Induced Anion Redox before Full Oxidation of Ru4+/Ru5+ through Local Configuration Modulation in P2-Na0.67[Mg0.33Ru0.67]O2

Abstract

The study of anionic redox in layered-oxide cathodes for Na-ion batteries (NIBs) has been extensive, aiming to attain high-energy density. The involvement of Mn4+ or Ru5+ oxidation states is known to be crucial for the anionic O2 −/O− reaction during Na+ de/intercalation. Nevertheless, our findings indicate that anionic redox can activate in Ru-based layered-oxide cathodes prior to complete Ru4+/Ru5+ oxidation.
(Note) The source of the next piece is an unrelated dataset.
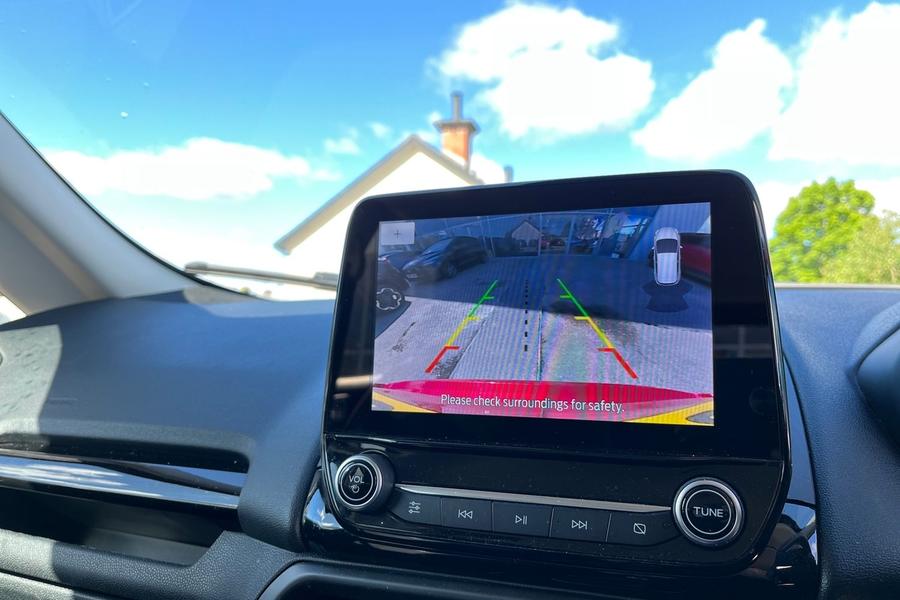 Ford ECOSPORT Photo autoimg-a72ac41215f84ac0d9e450d75014885568520488.jpg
By employing first-principles calculation and experimental techniques, we disclose that additional Na+ deintercalation from P2-Na0.33[Mg0.33Ru0.67]O2 relies on anionic oxidation after extracting 0.33 mol Na+ from P2-Na0.67[Mg0.33Ru0.67]O2, concomitant with cationic oxidation of Ru4+/Ru4.5+. Specifically, only the oxygen adjacent to 2Mg/1Ru is implicated in anionic redox during Na+ de/intercalation, indicating that the Na–O–Mg arrangement in the P2-Na0.33[Mg0.33Ru0.67]O2 structure significantly reduces the thermodynamic stability of anionic redox compared to cationic redox. Through O anionic and Ru cationic reactions, P2-Na0.67[Mg0.33Ru0.67]O2 demonstrates a substantial specific capacity of ∼172 mA h g− 1 and exceptional power capability, facilitated by facile Na+ diffusion and reversible structural changes during charge/discharge. These findings propose an innovative strategy to enhance anionic redox activity by modifying the local oxygen environment, paving the way for high-energy-density cathode materials in NIBs.